Make sure you have sufficient evidence of wrongdoing
Before you do anything else, take a deep breath. Gather your thoughts and assess the situation rationally, not emotionally . The worst thing you can do is to create an ugly situation by acting solely on your suspicions, or out of anger.
Instead, consult qualified financial and legal professionals. An experienced Los Angeles business litigation lawyer can share strategies for finding proof of wrongdoing. These may include but are not limited to:
- Monitoring all financial accounts, and tracking every outgoing and incoming transaction.
- Requiring comprehensive receipts for all business expenses.
- Requiring original receipts, not copies.
- Reviewing any ATM withdrawals made with a business debit or credit card for proof of inappropriate transactions.
- Installing at least one camera to monitor relevant activity at any cash register(s) used by your business.
If you find additional evidence to support your suspicions, our Los Angeles business attorneys can determine if you should pursue criminal charges or a civil claim.
Your legal options are based on the specific circumstances of your case
From a legal standpoint, business partnerships tend to be fairly complicated. This is largely because each one is unique. Depending on the type of business, you may or may not have a written partnership agreement, or prescribed organization. The only constant is that state law governs all California business partnerships.
Therefore, in absence of an applicable agreement, a business partner cannot take company funds for their own use. Doing so may be considered fraud, embezzlement or theft, all of which have criminal and/or civil repercussions.
Proving fraud, embezzlement and theft
Fraud occurs when your business partner takes company money on the pretense of using it for business purposes, but actually takes it for personal use.

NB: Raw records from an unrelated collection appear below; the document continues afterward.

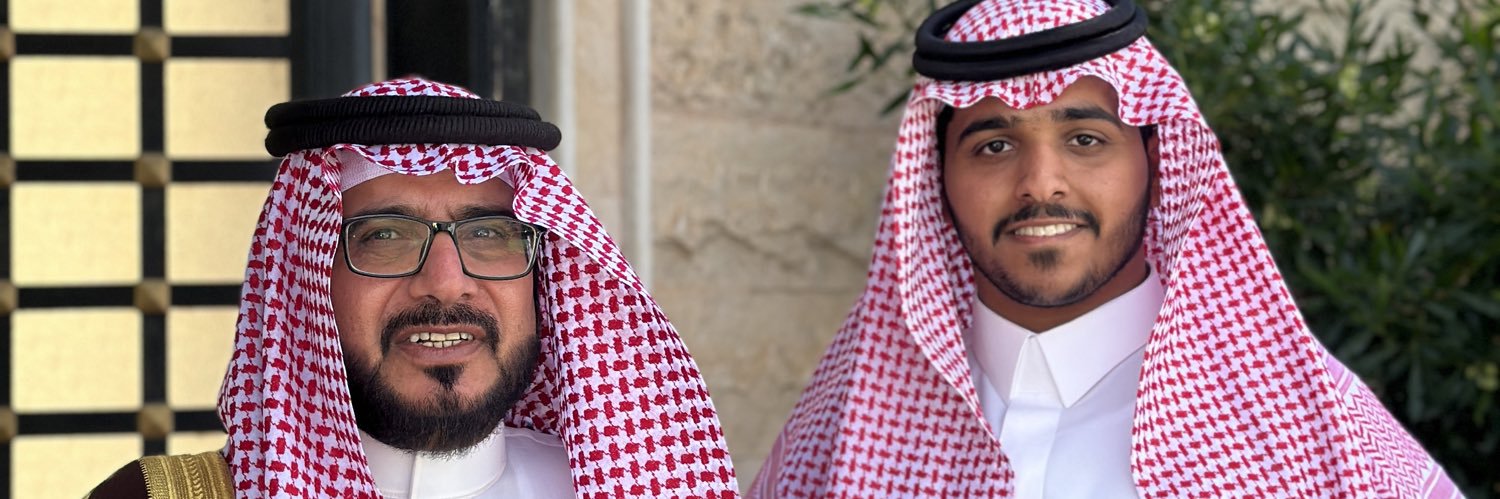 عصام الخاتم banner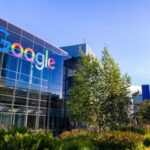 Gaet Google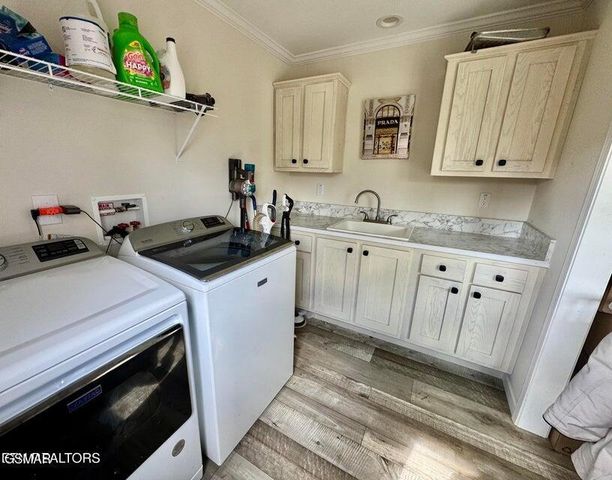 3616 Plaza Way, Pigeon Forge, TN 37863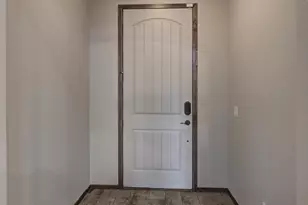 2308 E Indian Pink Cir, Payson, AZ 85541 - Photo 8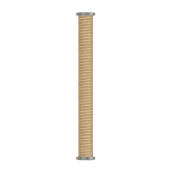 Freestyle indoor vloer tot plafond kattenboom verticale sisal touw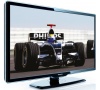 Televize Philips 52PFL7404H, LCD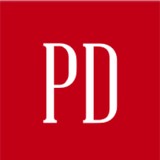 Plushdeco Contemporary Furniture Online - Other in Coventry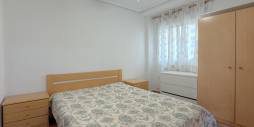 z drugiej ręki - Apartament - Torrevieja - Playa del Cura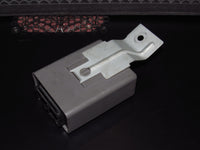 90-96 Nissan 300ZX OEM Door Lock Timer Module 28451 F9901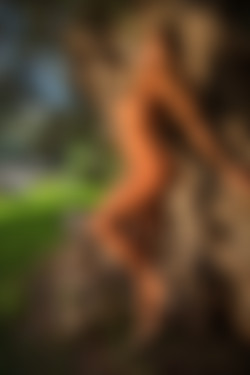 [photodromm.com] 2015-01/[photodromm.com] - 2015.01.08 - Dana - The Tree Of Beauty (x46) 1333x2000/46l.jpg
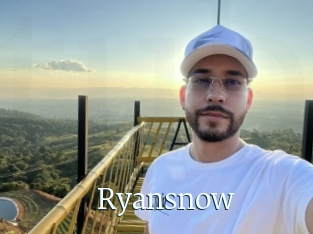 Ryansnow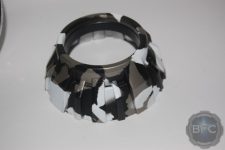 7_inch_round_hid_retrofit_headlights (18)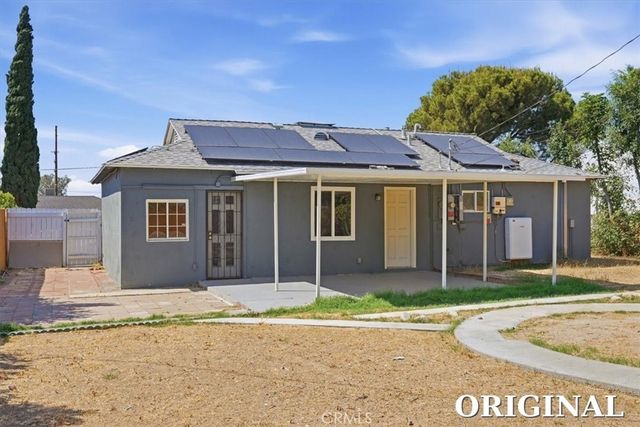 5979 Elmwood, San Bernardino, CA 92404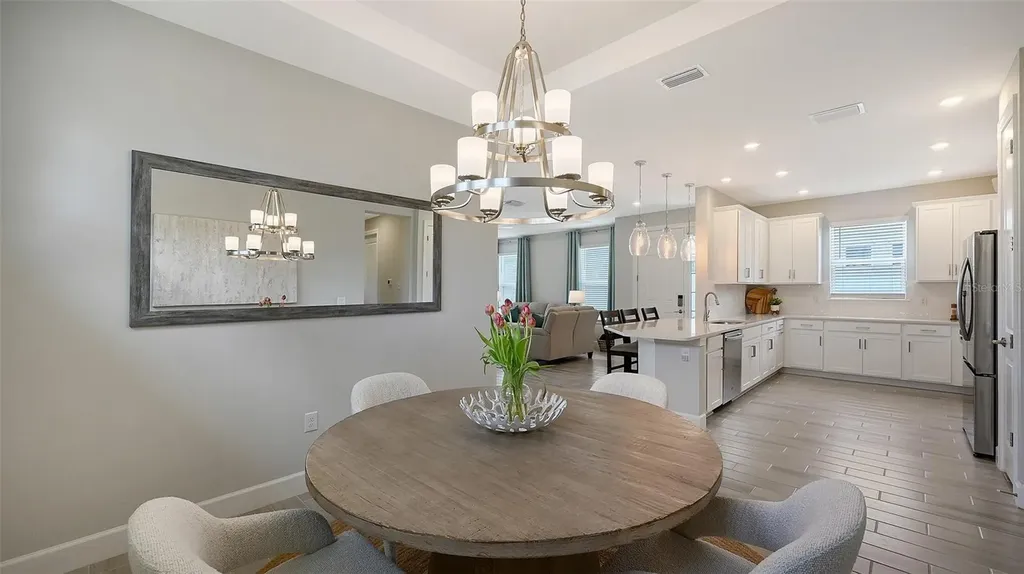 3007 Tramonto Court Bradenton FL 34211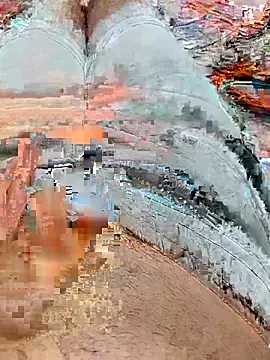 themasklover online show from 12/22/25, 04:15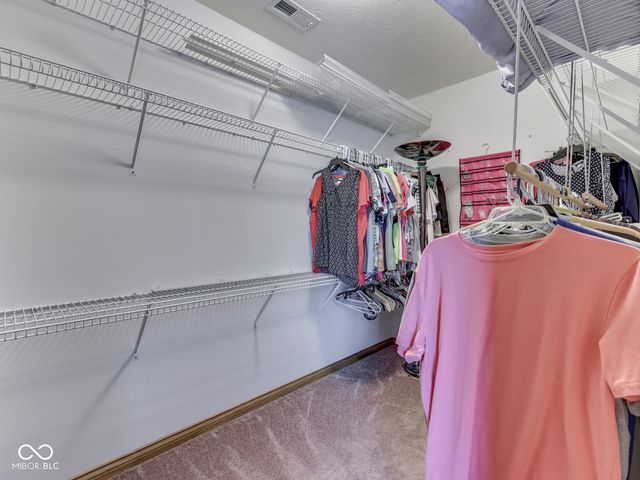 1999 Flamingo Way, Franklin, IN 46131
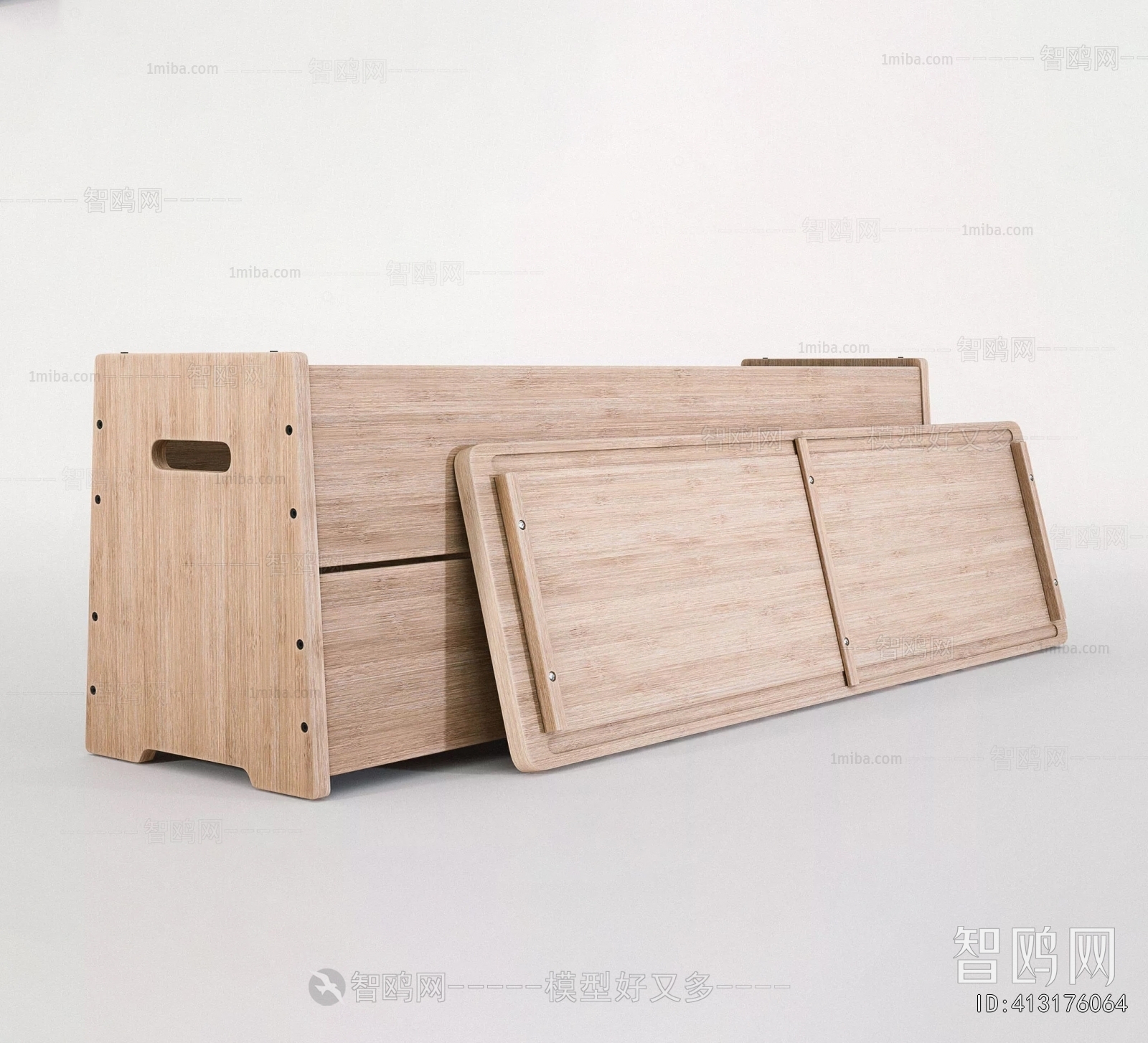 Modern Other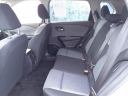 Thumbnail image of 2023 Nissan Rogue at Fullerton Ford
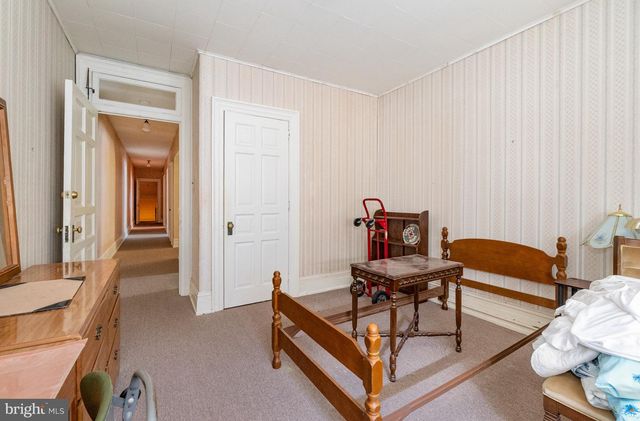 119 N GEORGE ST, York, PA 17401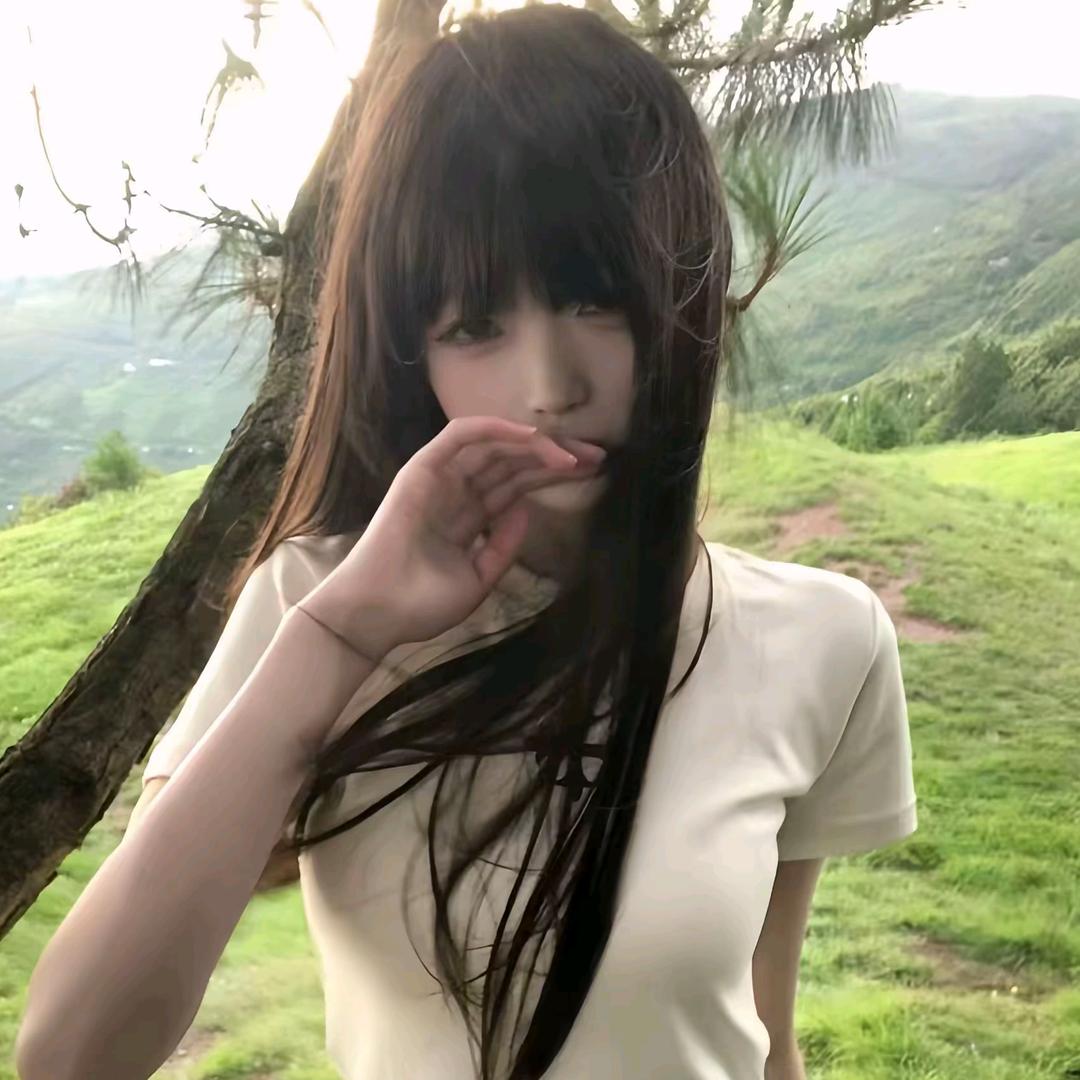 小雯暴脾气^
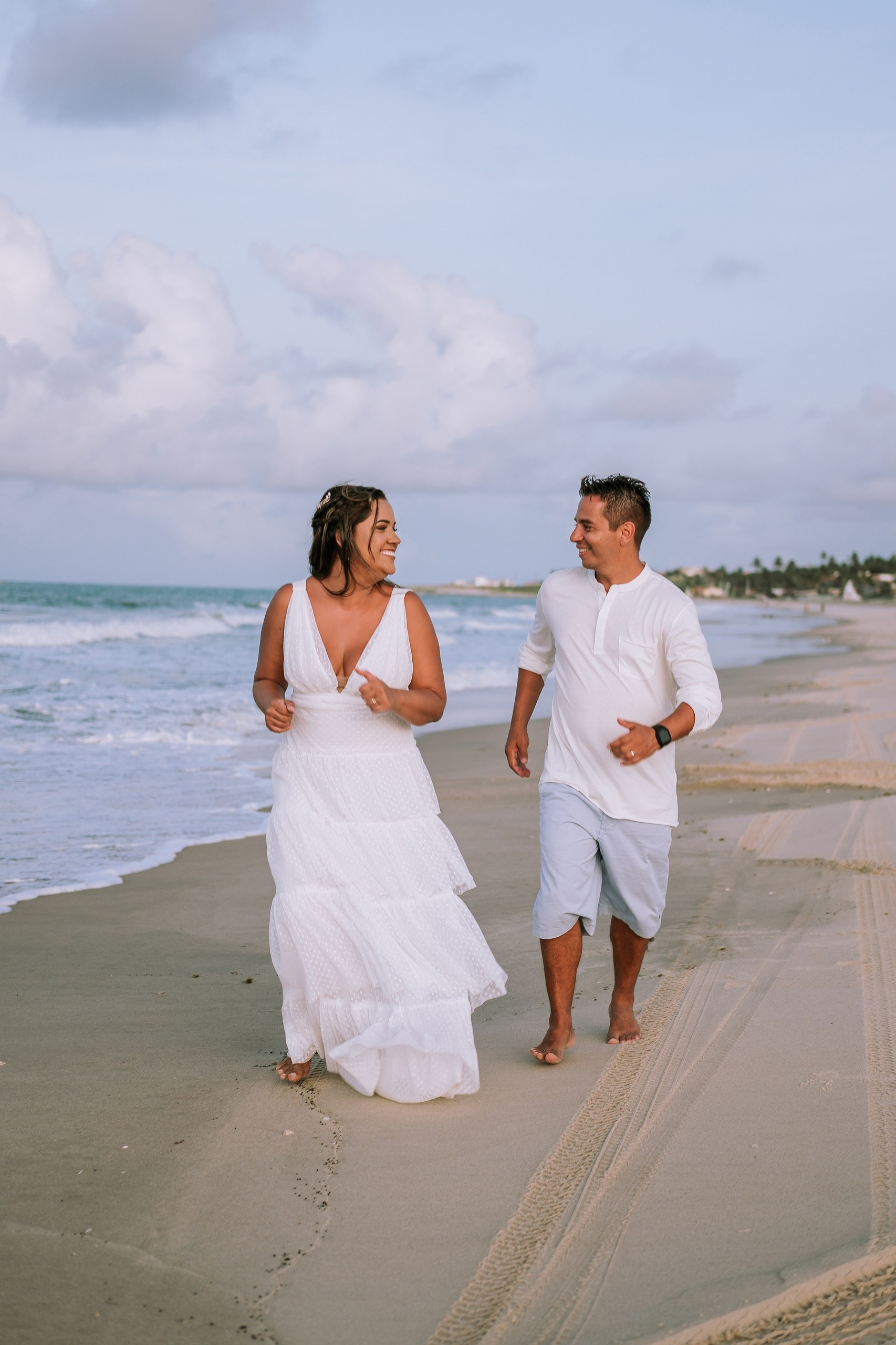 Renovação de votos Camila e Bruno. R&S Fotografia e Filme fotografamos e filmamos casamentos, ensaios diversos, eventos em geral e hotelaria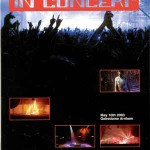 Tiesto-Tiesto-in-concert
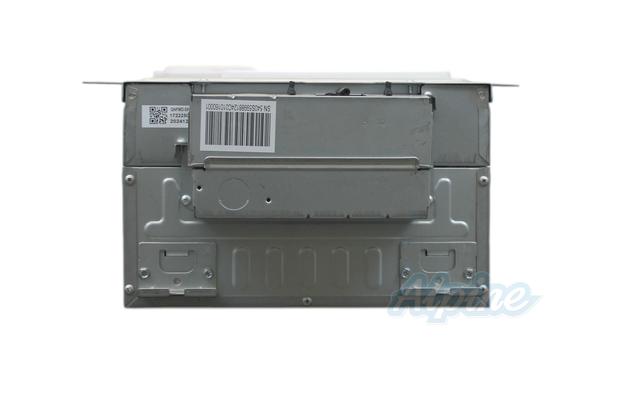 Photo of Blueridge BXM3A36UC0-9CC1-9CC4-9CC4 36,000 BTU (3 Ton) 3-Zone 23 SEER2 Inverter R-454B XM3 Series Heat Pump Ultra Cool/Ultra Heat System 60635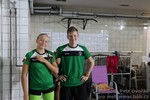 Pepča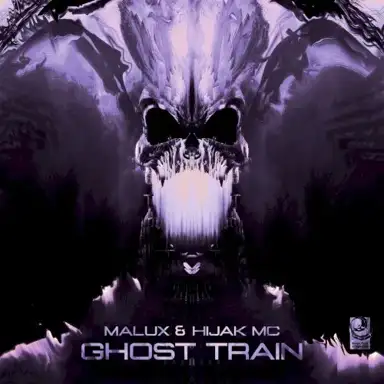 Ghost Train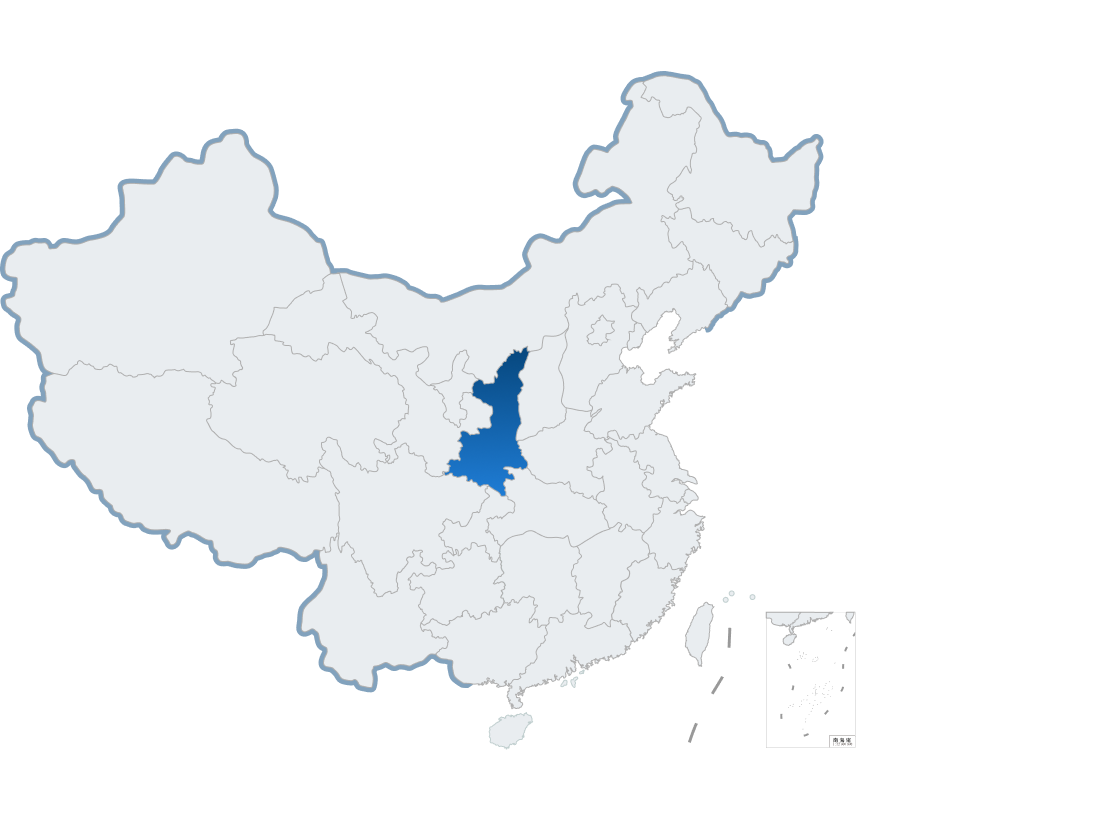 杭叉集团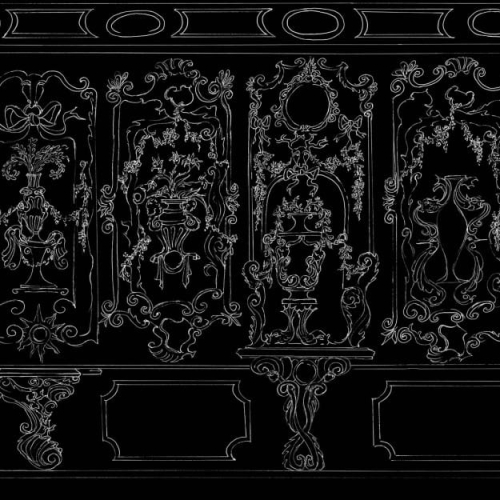 suite-ducale.jpg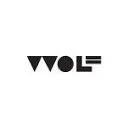 Logo VVOLF Women Who Run With The Wolves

Examples may include:
- Wrongful taking and use of business funds to pay off personal debt.
- Wrongful taking and use of business funds to purchase goods or services for personal purposes.
- Wrongful taking and use of business funds to facilitate unauthorized business activities for personal gain.
To prove your partner perpetrated fraud, you must have sufficient evidence that:
- He or she intentionally lied to you.
- You had no valid reason to question or doubt the lie.
- Your business incurred financial losses or other damages because you believed the lie.
Keep in mind, however, that you may not have a viable case based on fraud if your business partner can prove that he or she has a reputation for trustworthiness.
Embezzlement occurs when someone who holds a position of trust – such as your business partner – steals funds from company accounts. Patterns showing unusual activity (withdrawals and transfers) from accounts your business partner can access may serve as proof of embezzlement.
Theft is simply defined as the wrongful taking of business funds, thereby causing financial losses. This would most likely happen in a retail setting, where your business partner could easily access money in a cash register. It could also happen in an office setting, where money is kept in a safe or lockbox. Video surveillance showing your business partner taking the money without permission or reasonable cause may serve as proof of theft.
Pursuing a civil claim based on breach of fiduciary duty
You may also be able to pursue a civil claim based on breach of fiduciary duty. In other words, you may be able to sue your business partner for violating his or her legal obligation to act in your best interest with regards to the business. Clearly, the wrongful taking of company funds is not acting in your best interests. To have a viable claim on this basis, however, you must be able to trace the loss of funds to misconduct, rather than accounting errors or similar mistakes.